## Task to carry out
Make an exact copy of each entry, leaving out every picture.

Records from a data source:
=== Section Start ===

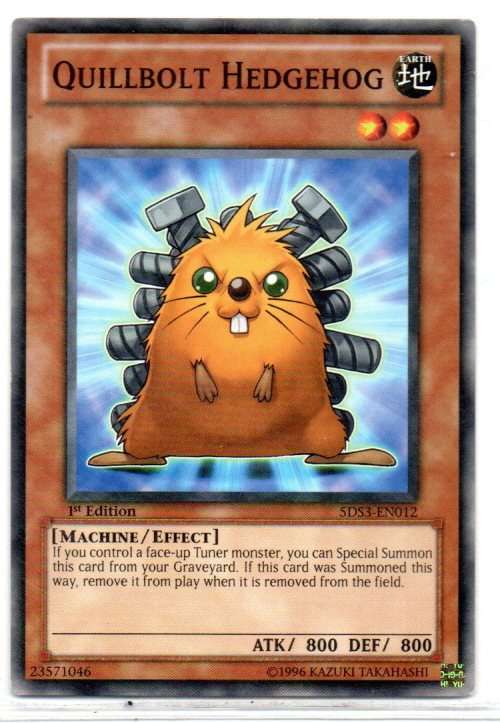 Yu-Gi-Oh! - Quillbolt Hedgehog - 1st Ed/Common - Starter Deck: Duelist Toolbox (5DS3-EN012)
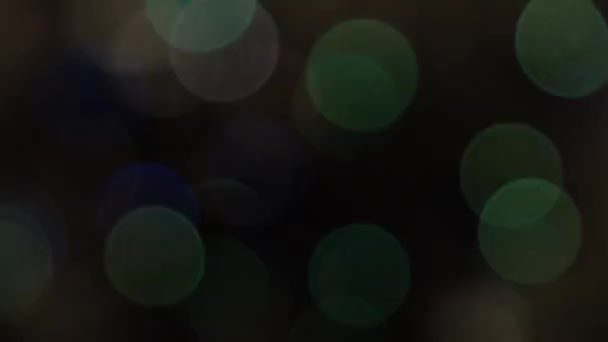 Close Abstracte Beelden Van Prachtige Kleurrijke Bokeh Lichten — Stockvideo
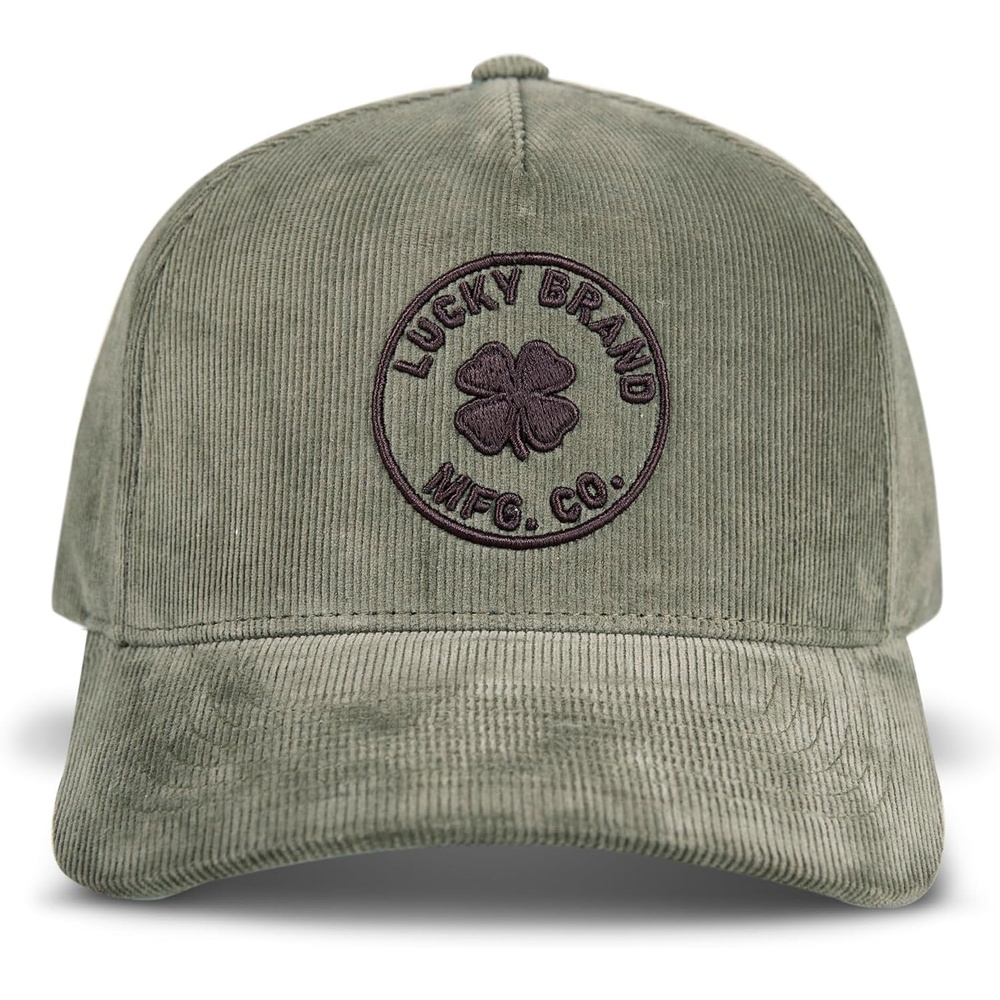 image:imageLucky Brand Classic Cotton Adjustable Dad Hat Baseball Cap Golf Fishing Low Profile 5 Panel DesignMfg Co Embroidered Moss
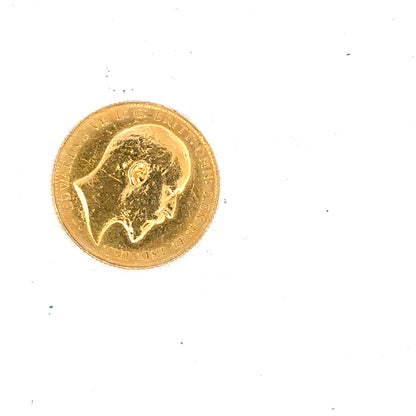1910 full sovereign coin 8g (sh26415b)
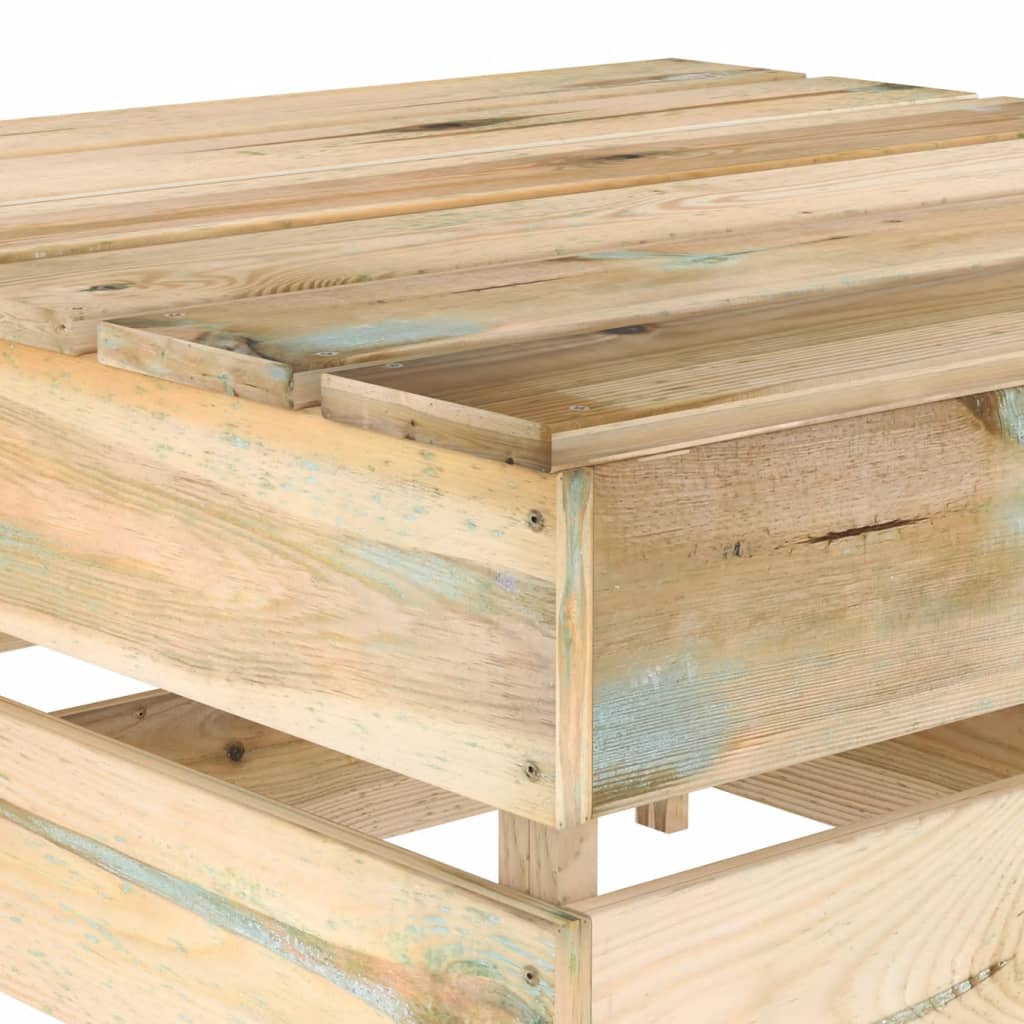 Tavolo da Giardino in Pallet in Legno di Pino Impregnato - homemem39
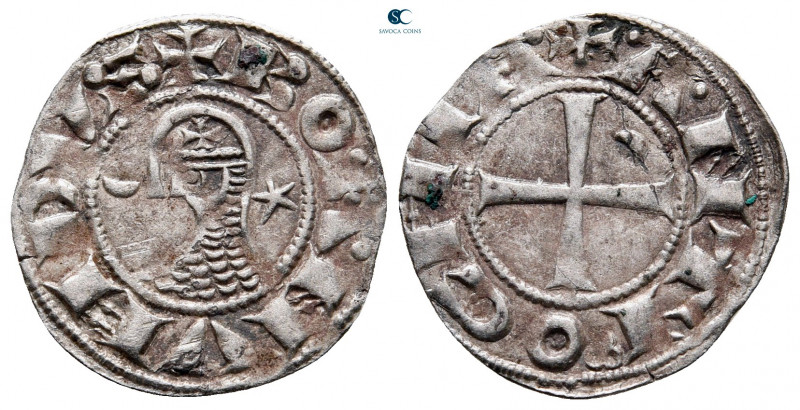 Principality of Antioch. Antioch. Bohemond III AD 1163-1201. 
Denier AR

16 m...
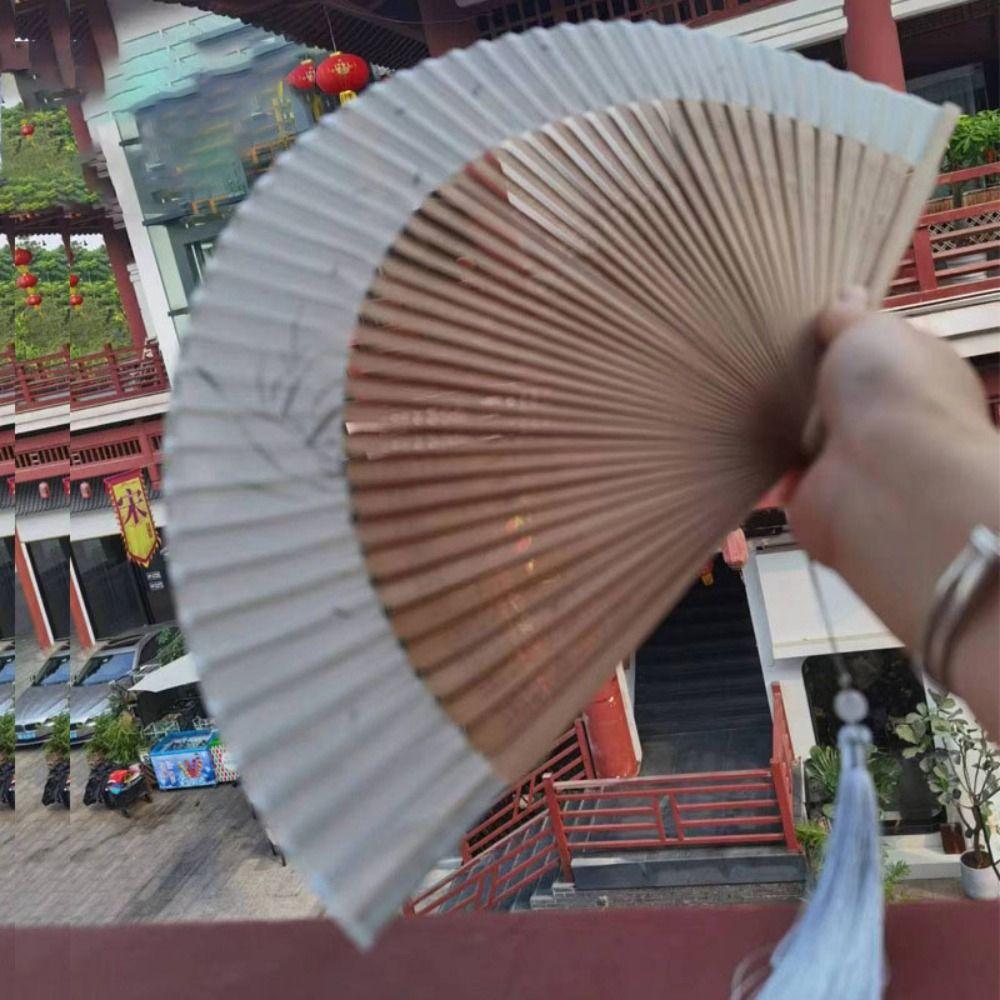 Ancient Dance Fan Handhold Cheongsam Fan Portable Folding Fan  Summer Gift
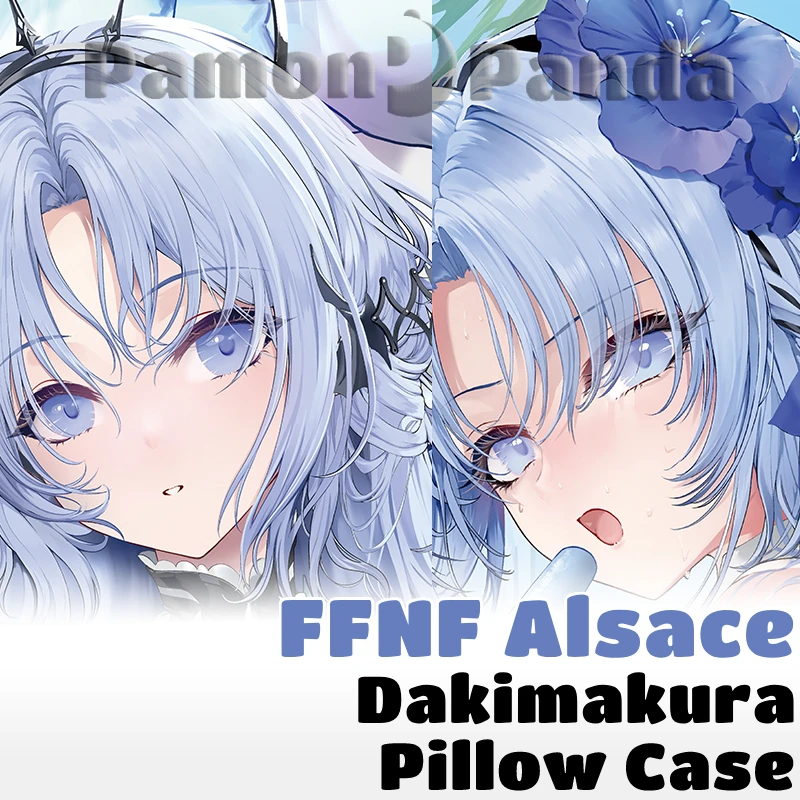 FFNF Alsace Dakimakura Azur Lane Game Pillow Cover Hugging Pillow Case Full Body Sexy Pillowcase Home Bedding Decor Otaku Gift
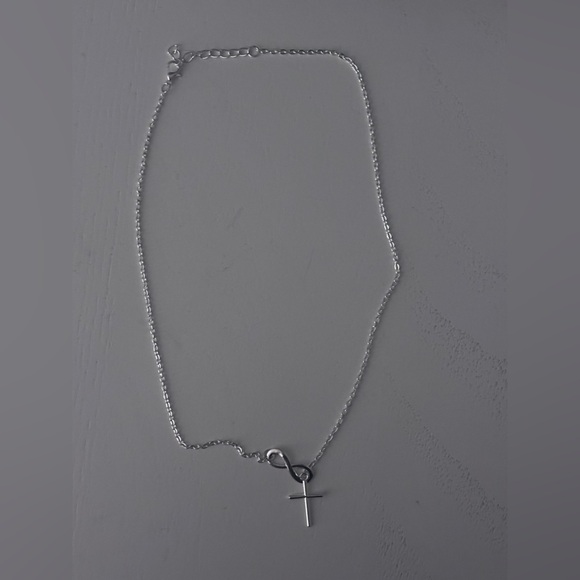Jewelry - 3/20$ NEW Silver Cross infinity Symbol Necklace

=== Section End ===

## Exercise response
 Yu-Gi-Oh! - Quillbolt Hedgehog - 1st Ed/Common - Starter Deck: Duelist Toolbox (5DS3-EN012)
 Close Abstracte Beelden Van Prachtige Kleurrijke Bokeh Lichten — Stockvideo
 image:imageLucky Brand Classic Cotton Adjustable Dad Hat Baseball Cap Golf Fishing Low Profile 5 Panel DesignMfg Co Embroidered Moss
1910 full sovereign coin 8g (sh26415b)
 Tavolo da Giardino in Pallet in Legno di Pino Impregnato - homemem39
 Principality of Antioch. Antioch. Bohemond III AD 1163-1201. 
Denier AR

16 m...
 Ancient Dance Fan Handhold Cheongsam Fan Portable Folding Fan  Summer Gift
 FFNF Alsace Dakimakura Azur Lane Game Pillow Cover Hugging Pillow Case Full Body Sexy Pillowcase Home Bedding Decor Otaku Gift
Jewelry - 3/20$ NEW Silver Cross infinity Symbol Necklace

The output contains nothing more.